Article Text
Abstract
Objective Down syndrome (DS) is caused by trisomy 21. The cystathionine-beta synthase (CBS) and the reduced-folate carrier (RFC1) genes map on chromosome 21 and are critical regulators of the homocysteine/folate metabolism. To investigate whether the homocysteine/folate pathway is disrupted in DS, we analysed the CBS844ins68, the RFC1A80G, the methylenetetrahydrofolate reductase (MTHFR) C677T and A1298C, the methionine synthase reductase (MTRR) A66G and the methionine synthase (MTR) A2756G polymorphisms as well as plasma homocysteine, methionine, folates, B12 and B6 vitamins.
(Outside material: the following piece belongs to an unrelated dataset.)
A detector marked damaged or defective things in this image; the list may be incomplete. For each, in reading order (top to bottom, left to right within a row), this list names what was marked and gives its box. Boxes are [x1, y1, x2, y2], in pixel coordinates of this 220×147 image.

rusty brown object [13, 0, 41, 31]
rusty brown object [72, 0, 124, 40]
Methods Genotype analysis was performed by restriction fragment-length polymorphism. Genotype and allele frequencies were evaluated in 134 DS subjects and 93 controls, and the odds ratio was used as a measure of association between polymorphisms and DS. Biochemical data were analysed by t test. The relation between homocysteine/folate levels and genotypes was also evaluated.
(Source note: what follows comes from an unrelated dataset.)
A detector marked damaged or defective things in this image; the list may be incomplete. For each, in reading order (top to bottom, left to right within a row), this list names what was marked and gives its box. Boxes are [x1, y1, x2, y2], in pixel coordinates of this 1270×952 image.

Results No association was found between the analysed polymorphisms and the risk of DS. A negative interaction was found between RFC80G homozygotes and: MTP 2756AA and AA/AG; MTRR 66AG/AA and AG/GG; MTHFR 1298AA/AC and AA; MTHFR 677CC/CT; CBSins−. Homocysteine and methionine levels were lower in DS subjects (p = 0.004 and p = 0.011, respectively), whereas folates, B12 and B6 levels were not different. Low homocysteine levels were associated with the following genotypes: MTHFR 677CT (p = 0.012); MTHFR 1298AA (p = 0.006); MTRR 66AG (p = 0.008); MTRR 66GG (p = 0.001); MTR 2756AA (p = 0.006); CBSins−/− (p = 0.022). Among DS subjects, low folate levels were associated with the MTR 2756GG genotype.
Conclusions Homocysteine/folate metabolism is impaired in DS with a reduction of homocysteine and methionine, partly depending on the genotype. This metabolic imbalance may affect cellular methylation reactions.